Problem requirements.
Please copy out the entries below exactly, beginning with the line that contains "bathroom with toilet and a shower stall" and ending with the line that contains "A BLUE AND WHITE", and include nothing outside that span.

Material supplied.
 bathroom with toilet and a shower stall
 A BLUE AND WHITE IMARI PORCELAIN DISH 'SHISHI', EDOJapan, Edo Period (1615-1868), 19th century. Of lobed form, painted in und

* * *

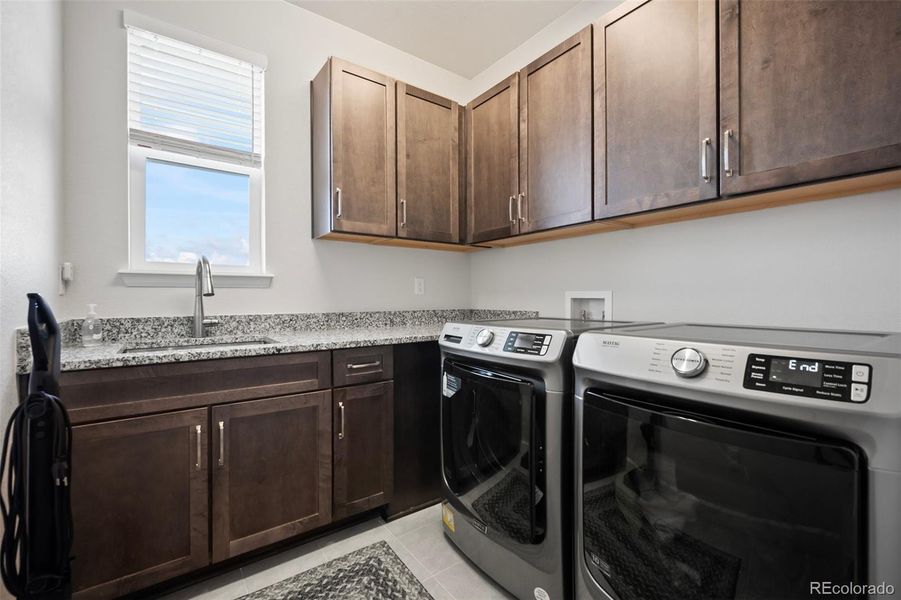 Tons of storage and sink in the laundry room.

Final answer.
 bathroom with toilet and a shower stall
 A BLUE AND WHITE IMARI PORCELAIN DISH 'SHISHI', EDOJapan, Edo Period (1615-1868), 19th century. Of lobed form, painted in und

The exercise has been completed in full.